Courtesy of Passafire
With a name like Passafire, who thinks of reggae music?
Describing themselves as a reggae rock band with lots of other influences, Passafire, from Savannah, Ga., will be performing at The Basement Thursday at 8 p.m.
Together for almost nine years, singer and guitarist Ted Bowne, summed up the group’s sound.
“It’s party music,” he told The Lantern. “If you can imagine going to an awesome party and what music might be playing, that’s us.”
The band has been touring nationally for years, but did their first full stint on Vans Warped Tour over the summer.
“It was incredible,” Bowne said. “In some ways it was the most brutal tour we’ve ever done. It was hot, and you’re in 90-to-107-degree parking lots every day of the tour, but the amount of other bands you meet and friends you make is priceless.”
Passafire is headlining the current tour and promoting their new album “Start From Scratch,” which was released Sept 20. The album is the product of the band who paired with a new producer and looked at their past recordings to see what their fans liked.
Paul Leary, guitarist of the Butthole Surfers, has previously produced albums by Sublime, Pepper and Slightly Stoopid. This made him a good candidate for Passafire, seeing that the band has toured with all three.
“He (Leary) has an awesome track record and we thought he would be perfect to work with,” Bowne said. “For ‘Start From Scratch,’ we definitely went back and looked at more successful songs from the past. Plus we were crunched for time, and some of the songs came out of nowhere. We were trying to do a really good album in a short amount time and I think we accomplished that.”
Erin Stevens, a second-year in accounting, said she’s “not really into reggae music,” but Bowne thinks Passafire is much more than just reggae, even if the name was inspired by a Bob Marley album and biography.
“We were all sort of influenced by The Police, The Clash, 311, and Sublime,” Bowne said. “In our newest album, we went a lot of different places. There’s more country and rockabilly, as well as some electronica and dancehall type sounds. We went further into our influences, both new and old.”
Bowne said their varied sound contributes to the band’s diverse fan base.

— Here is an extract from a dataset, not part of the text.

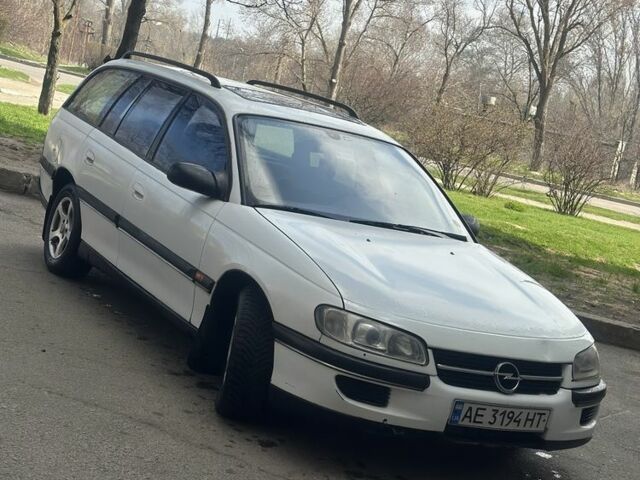 Белый Опель Омега, объемом двигателя 2 л и пробегом 333 тыс. км за 1480 $, фото 1 на Automoto.ua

“We don’t really play to a certain demographic,” Bowne said. “We had an 8-year-old at our show last night and he knew every word. Our style has spread us out into other areas that people can kinda grasp onto. We have some fans who really like punk rock, and some who are really into roots reggae.”
The band have plans to keep touring for the next several months, as both a headliner and with other bands. They also plan to make stops in Europe and Costa Rica within the next year, but for right now, they’re just enjoying themselves.
“We make music so people can forget their troubles and have a good time, something people can move to and still gain insight from,” Bowne said.